I’m not sure if I’m just overthinking or if my concerns have good answers that I just don’t know being still pretty fresh in the field. I know I want to include some of those projects in there, because being able to gesture to work I did on that scale is nice, but I don’t want it to come across as though I’m claiming responsibility for the whole project when I was on the tail end of it.

Normally, I’d be happy to share my portfolio and just ask for feedback on it, but I’m currently agonizing over whether I want to trash the whole thing and start over or try to prune it into better shape, so I’m not quite comfortable with that at the moment.

Hmm. I will try to answer the best that I can.

First and foremost, who is the audience for your portfolio? I ask because you suggested three general categories of work: original designs, guided/restricted designs, and production work.

If you are looking for design work, clients won’t care about production work. There is an assumption on client’s part that if you designed it, you can make it print. This might be misguided in some circumstances, but it’s there.

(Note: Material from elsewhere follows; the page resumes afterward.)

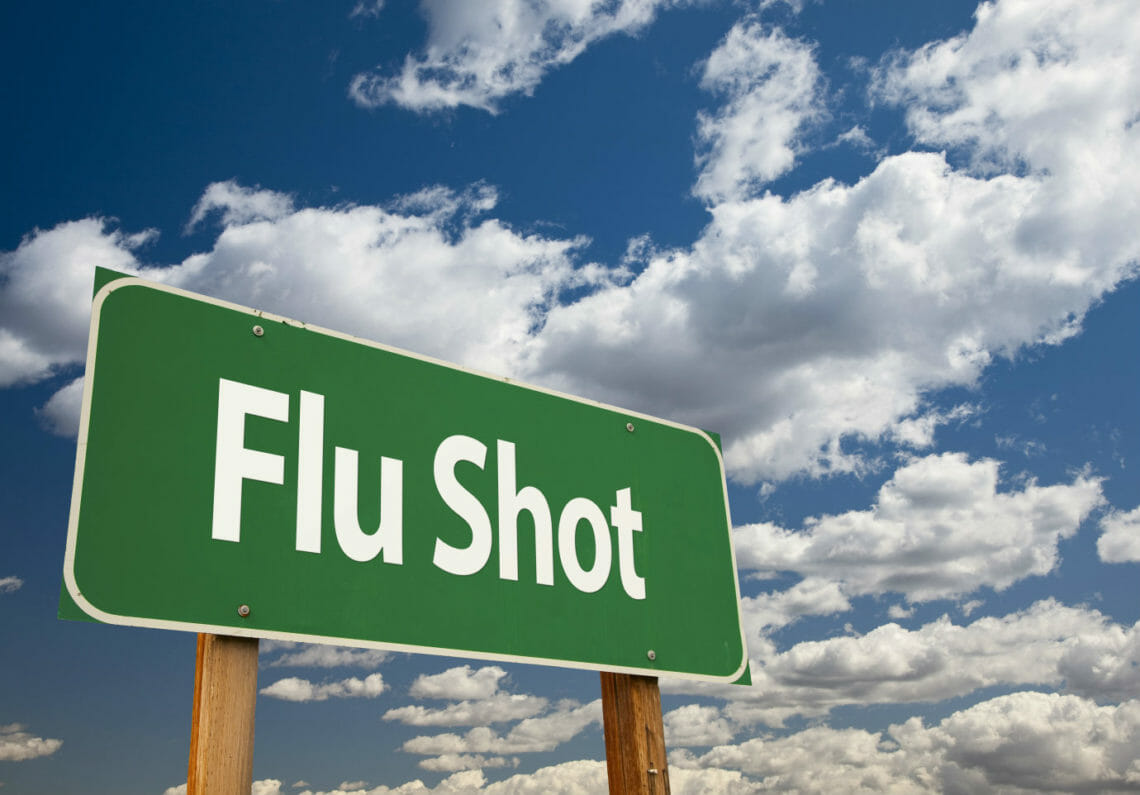 Flu Shot Sign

If, on the other hand, you are going after a prepress job and you have a sample that’s four color plus spot colors plus spot varnishes plus foil stamping plus die cutting and it had a ton of trapping that you did manually . . . then, yes, a potential employer might be interested in seeing that. But if it’s not your creative, I don’t think it belongs in a portfolio when you’re looking for either creative clients or to be hired as a creative.

The tricky one is the guided/restricted designs. In my opinion, you need to be crystal clear about your role. It’s probably best to present these as a before and after case study. Show the original and show what you did. If the new design borrows any aspects of the original, I think you need to credit the original creative. My inclination would be to leave these pieces out of your portfolio unless the work you did was so substantial that the end product really is like a different piece from the original. In that case, I’d still make it clear that it was a redesign.

Hope that helps.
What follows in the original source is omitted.